── GIVEN RECORDS
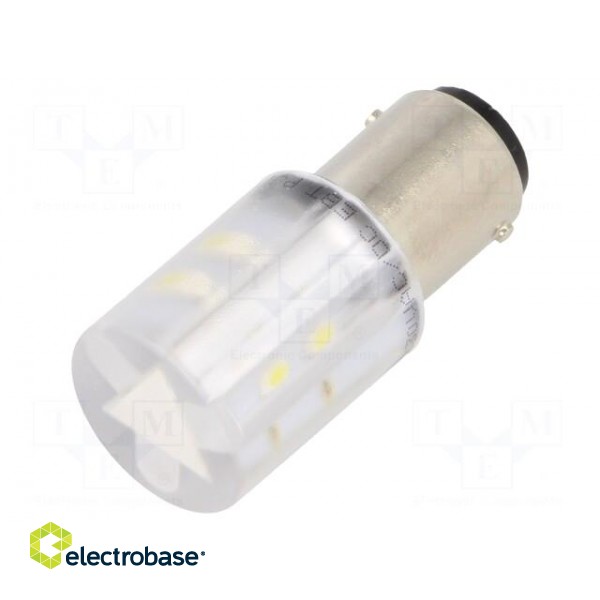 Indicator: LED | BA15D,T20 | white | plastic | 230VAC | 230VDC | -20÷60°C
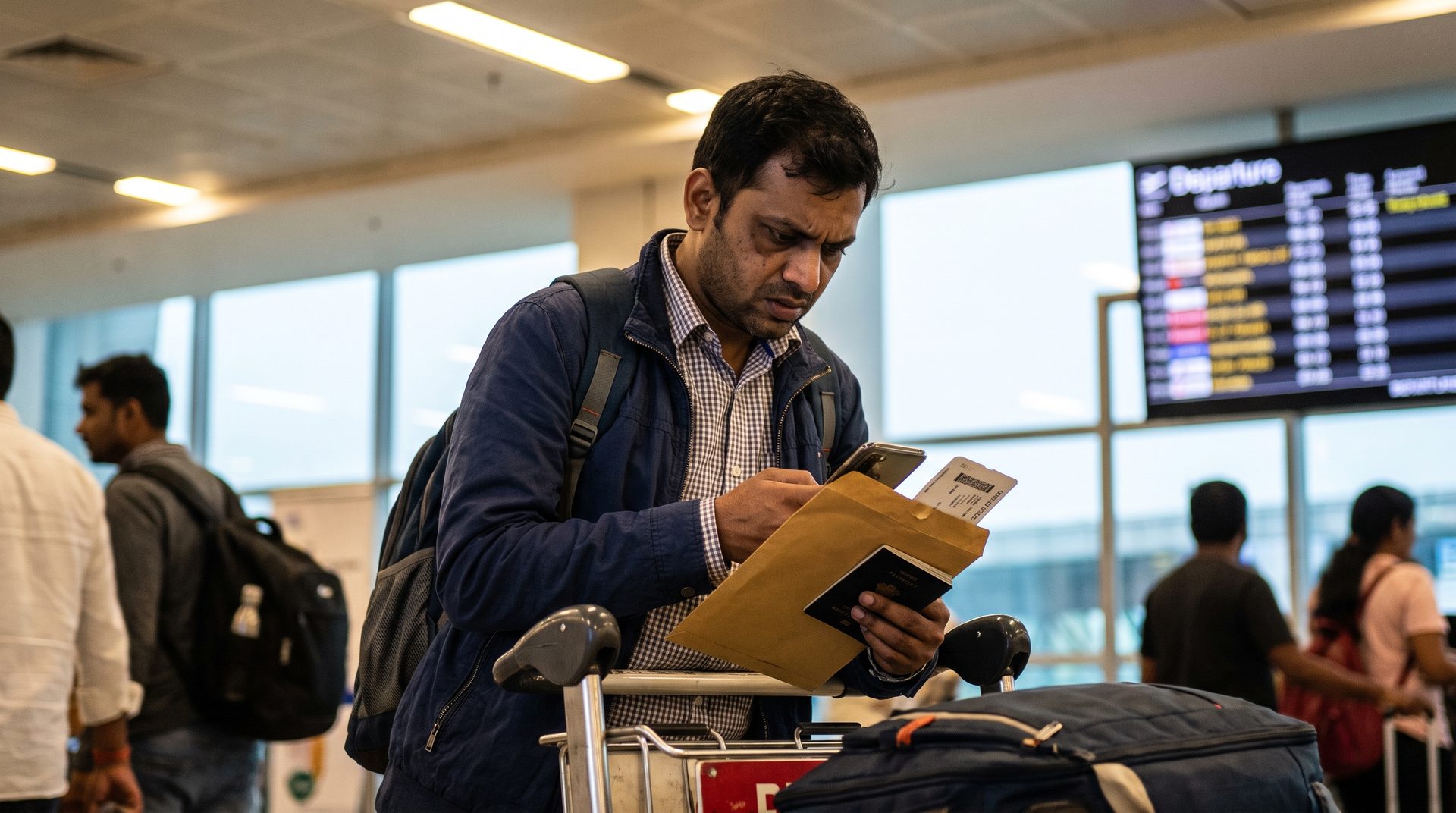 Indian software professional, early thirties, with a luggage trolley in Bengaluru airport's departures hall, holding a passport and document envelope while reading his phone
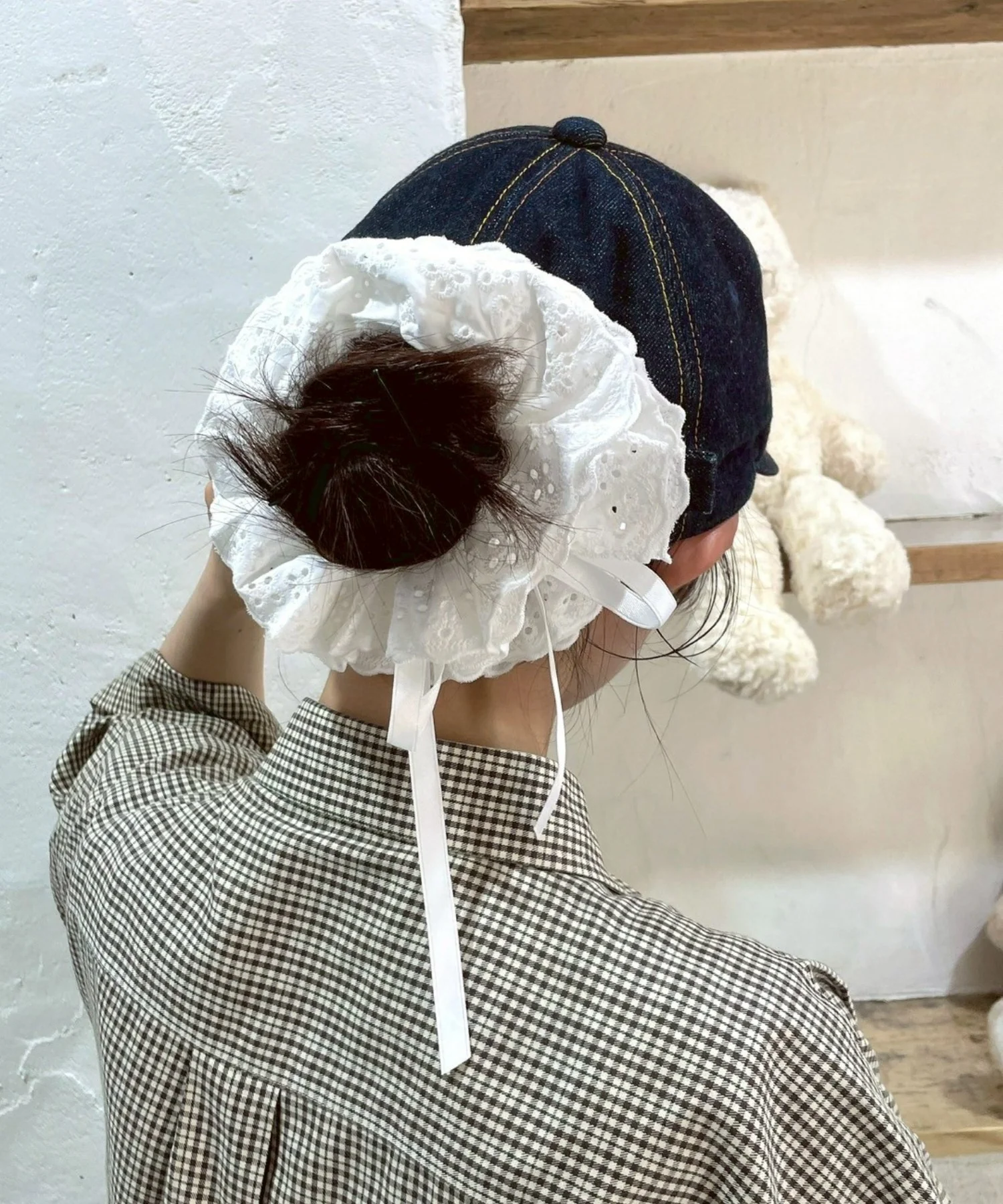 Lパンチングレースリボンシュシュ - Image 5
────
── GIVEN RECORDS
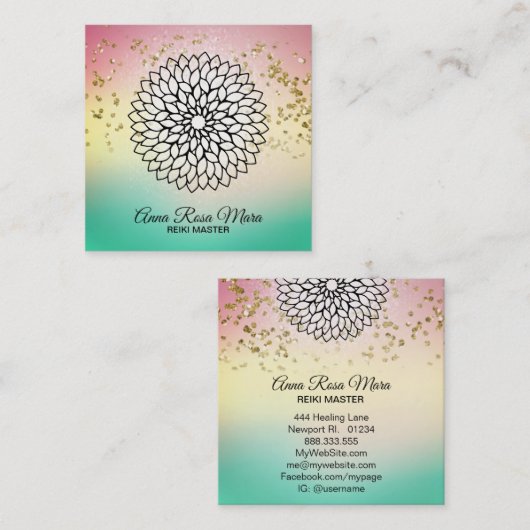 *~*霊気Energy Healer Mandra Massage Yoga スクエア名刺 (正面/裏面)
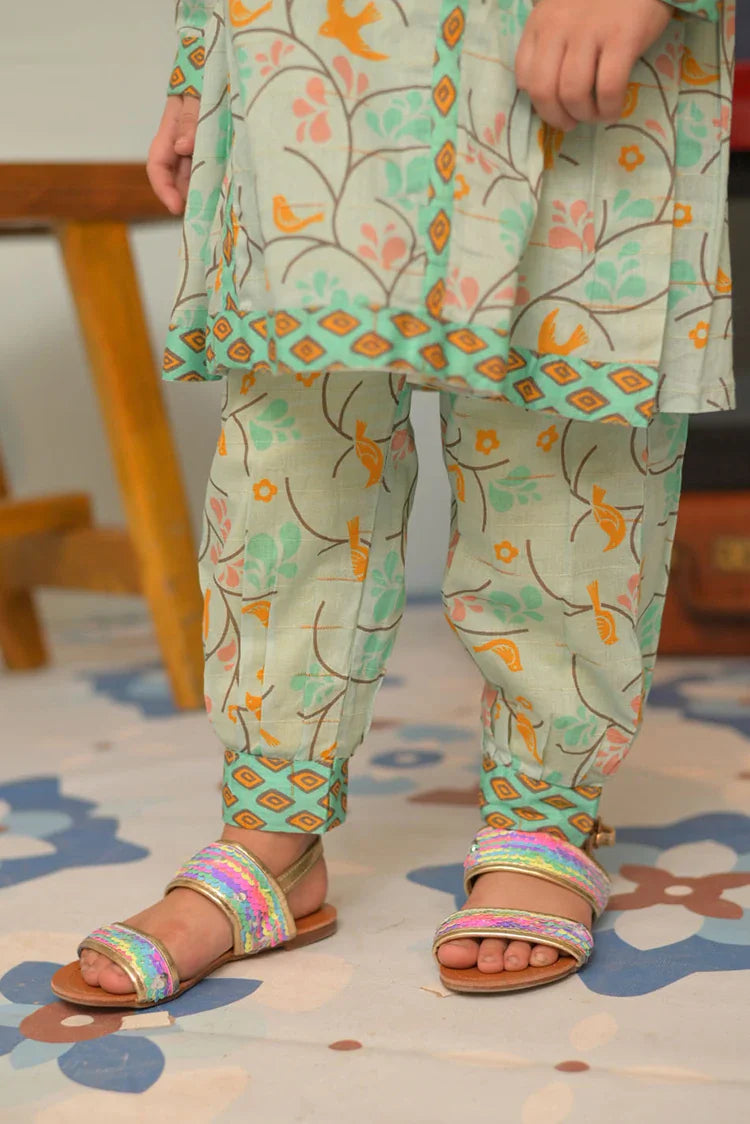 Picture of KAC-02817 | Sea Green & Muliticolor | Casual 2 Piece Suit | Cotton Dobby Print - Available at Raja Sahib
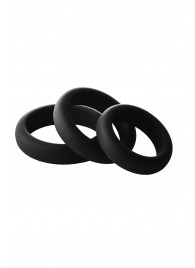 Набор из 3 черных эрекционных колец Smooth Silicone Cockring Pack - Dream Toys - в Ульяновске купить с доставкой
────
» WHAT THE EXERCISE ASKS:
Leave out every picture, and copy exactly the lines above starting at the one holding "Indicator: LED |" and ending at the one holding "Lパンチングレースリボンシュシュ - Image 5", no more and no less.

» FINISHED EXERCISE:
 Indicator: LED | BA15D,T20 | white | plastic | 230VAC | 230VDC | -20÷60°C
 Indian software professional, early thirties, with a luggage trolley in Bengaluru airport's departures hall, holding a passport and document envelope while reading his phone
 Lパンチングレースリボンシュシュ - Image 5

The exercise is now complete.